_Directions for this task_.
Output exactly the lines below, starting with the line that has "ميادين الجهاد _" and going on through the line that has "Borsa tote verde", both included, and no other lines.

_Provided records_.
Segment Open

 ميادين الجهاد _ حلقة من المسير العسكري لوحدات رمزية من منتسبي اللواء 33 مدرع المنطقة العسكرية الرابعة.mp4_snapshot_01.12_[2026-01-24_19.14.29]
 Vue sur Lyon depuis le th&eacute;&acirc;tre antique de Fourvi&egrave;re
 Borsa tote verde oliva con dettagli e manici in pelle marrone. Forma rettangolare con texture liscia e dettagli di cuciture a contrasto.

Segment Closed
Segment Open

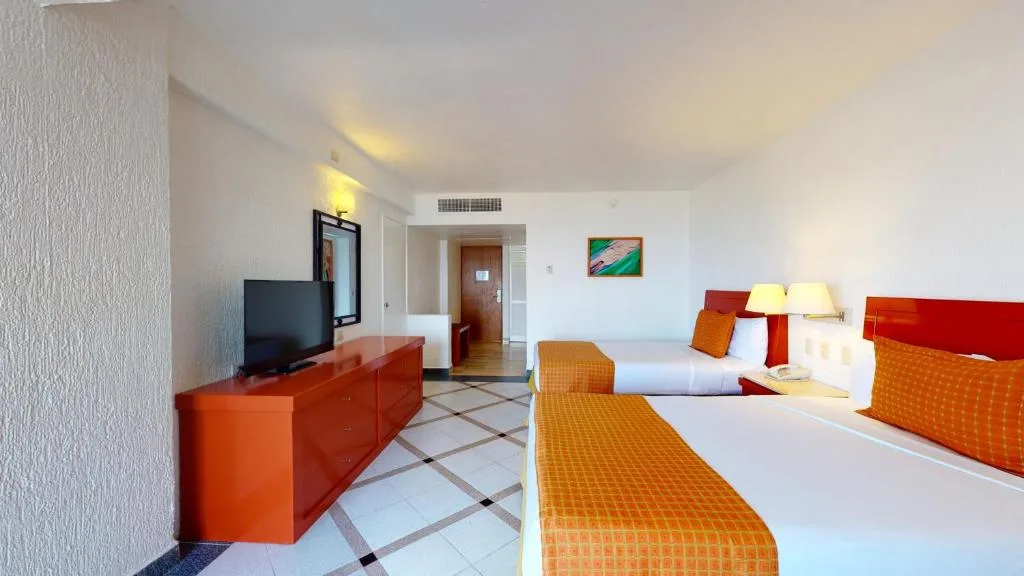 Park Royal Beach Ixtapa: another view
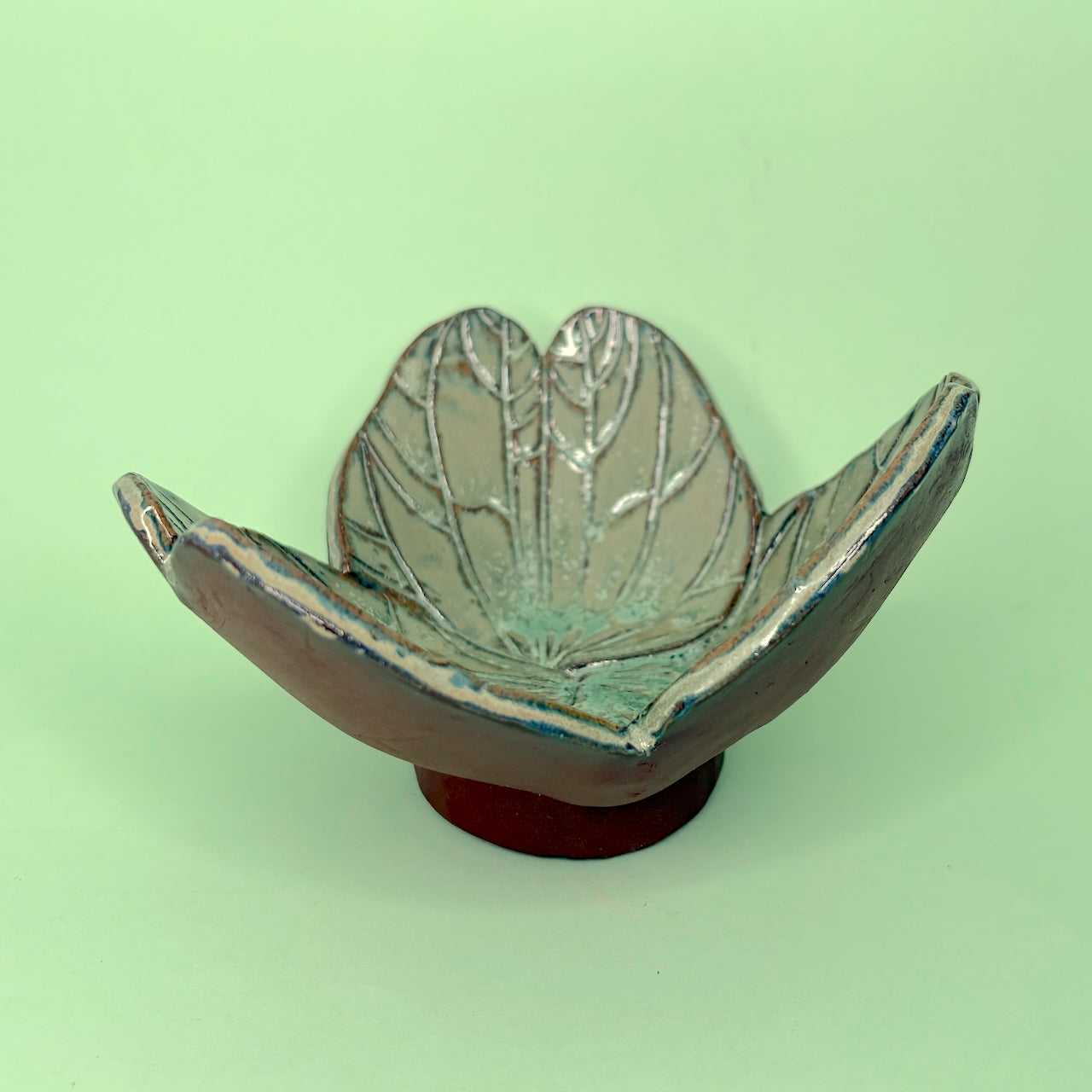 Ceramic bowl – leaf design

Segment Closed

_Task response_.
 ميادين الجهاد _ حلقة من المسير العسكري لوحدات رمزية من منتسبي اللواء 33 مدرع المنطقة العسكرية الرابعة.mp4_snapshot_01.12_[2026-01-24_19.14.29]
 Vue sur Lyon depuis le th&eacute;&acirc;tre antique de Fourvi&egrave;re
 Borsa tote verde oliva con dettagli e manici in pelle marrone. Forma rettangolare con texture liscia e dettagli di cuciture a contrasto.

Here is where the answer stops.